Crawled caption data ->
++++++++++++++++++++

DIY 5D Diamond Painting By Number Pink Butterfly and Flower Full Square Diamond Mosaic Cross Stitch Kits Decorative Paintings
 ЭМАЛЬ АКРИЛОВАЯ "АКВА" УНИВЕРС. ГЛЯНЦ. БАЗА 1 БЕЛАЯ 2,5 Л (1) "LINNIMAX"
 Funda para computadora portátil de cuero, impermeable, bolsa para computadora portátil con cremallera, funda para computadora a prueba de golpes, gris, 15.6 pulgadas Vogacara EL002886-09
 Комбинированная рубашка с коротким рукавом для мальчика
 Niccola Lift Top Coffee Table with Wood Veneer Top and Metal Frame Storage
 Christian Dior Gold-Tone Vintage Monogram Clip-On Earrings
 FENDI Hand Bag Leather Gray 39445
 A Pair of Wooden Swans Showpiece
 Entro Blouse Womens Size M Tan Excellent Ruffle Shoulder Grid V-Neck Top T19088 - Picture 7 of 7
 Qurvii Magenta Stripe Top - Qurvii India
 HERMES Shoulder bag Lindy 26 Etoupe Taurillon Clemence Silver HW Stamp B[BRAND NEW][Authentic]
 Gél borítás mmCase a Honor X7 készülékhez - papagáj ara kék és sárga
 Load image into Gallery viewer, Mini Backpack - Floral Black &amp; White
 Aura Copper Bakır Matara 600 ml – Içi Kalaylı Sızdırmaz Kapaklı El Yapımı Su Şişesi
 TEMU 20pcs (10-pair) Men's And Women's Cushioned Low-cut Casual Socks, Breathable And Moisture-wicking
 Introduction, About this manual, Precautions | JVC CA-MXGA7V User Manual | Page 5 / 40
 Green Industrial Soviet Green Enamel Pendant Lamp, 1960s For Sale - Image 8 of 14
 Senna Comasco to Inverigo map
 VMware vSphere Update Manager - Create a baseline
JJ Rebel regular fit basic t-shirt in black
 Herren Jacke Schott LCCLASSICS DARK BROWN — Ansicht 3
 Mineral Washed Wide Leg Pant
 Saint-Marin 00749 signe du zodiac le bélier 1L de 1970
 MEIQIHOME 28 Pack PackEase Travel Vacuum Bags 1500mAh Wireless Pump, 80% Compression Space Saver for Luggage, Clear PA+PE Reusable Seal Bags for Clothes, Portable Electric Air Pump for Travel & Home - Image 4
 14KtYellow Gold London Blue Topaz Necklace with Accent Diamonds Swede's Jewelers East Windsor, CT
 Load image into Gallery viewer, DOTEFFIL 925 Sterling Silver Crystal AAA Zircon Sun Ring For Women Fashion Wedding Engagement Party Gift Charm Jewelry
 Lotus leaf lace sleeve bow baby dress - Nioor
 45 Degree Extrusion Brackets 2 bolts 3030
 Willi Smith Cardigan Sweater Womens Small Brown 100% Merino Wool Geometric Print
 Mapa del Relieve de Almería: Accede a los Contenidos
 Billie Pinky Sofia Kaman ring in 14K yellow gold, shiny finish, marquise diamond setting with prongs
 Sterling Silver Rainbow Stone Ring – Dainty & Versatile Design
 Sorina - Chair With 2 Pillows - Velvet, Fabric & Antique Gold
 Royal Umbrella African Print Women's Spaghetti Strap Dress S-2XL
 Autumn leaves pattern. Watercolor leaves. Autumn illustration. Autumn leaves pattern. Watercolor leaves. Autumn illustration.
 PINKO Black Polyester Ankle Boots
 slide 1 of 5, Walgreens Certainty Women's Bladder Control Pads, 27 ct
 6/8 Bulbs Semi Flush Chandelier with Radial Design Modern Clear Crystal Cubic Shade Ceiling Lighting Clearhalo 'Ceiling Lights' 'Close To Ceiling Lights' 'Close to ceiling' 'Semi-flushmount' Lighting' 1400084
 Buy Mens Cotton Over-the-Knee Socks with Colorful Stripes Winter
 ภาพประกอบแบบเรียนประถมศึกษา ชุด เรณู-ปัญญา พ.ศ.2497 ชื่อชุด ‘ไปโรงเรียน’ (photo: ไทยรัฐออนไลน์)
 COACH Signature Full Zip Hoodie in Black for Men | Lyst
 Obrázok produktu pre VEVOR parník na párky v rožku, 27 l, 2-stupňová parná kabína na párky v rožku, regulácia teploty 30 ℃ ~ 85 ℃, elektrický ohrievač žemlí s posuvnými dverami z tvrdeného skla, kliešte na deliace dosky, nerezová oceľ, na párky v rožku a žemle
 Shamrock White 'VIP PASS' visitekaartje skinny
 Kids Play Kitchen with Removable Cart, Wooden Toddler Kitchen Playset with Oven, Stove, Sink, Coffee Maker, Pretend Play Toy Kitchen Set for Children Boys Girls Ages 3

++++++++++++++++++++

Exercise description ->
Return each line in the records that holds the string "Load".

Answer to this task ->
 Load image into Gallery viewer, Mini Backpack - Floral Black &amp; White
 Load image into Gallery viewer, DOTEFFIL 925 Sterling Silver Crystal AAA Zircon Sun Ring For Women Fashion Wedding Engagement Party Gift Charm Jewelry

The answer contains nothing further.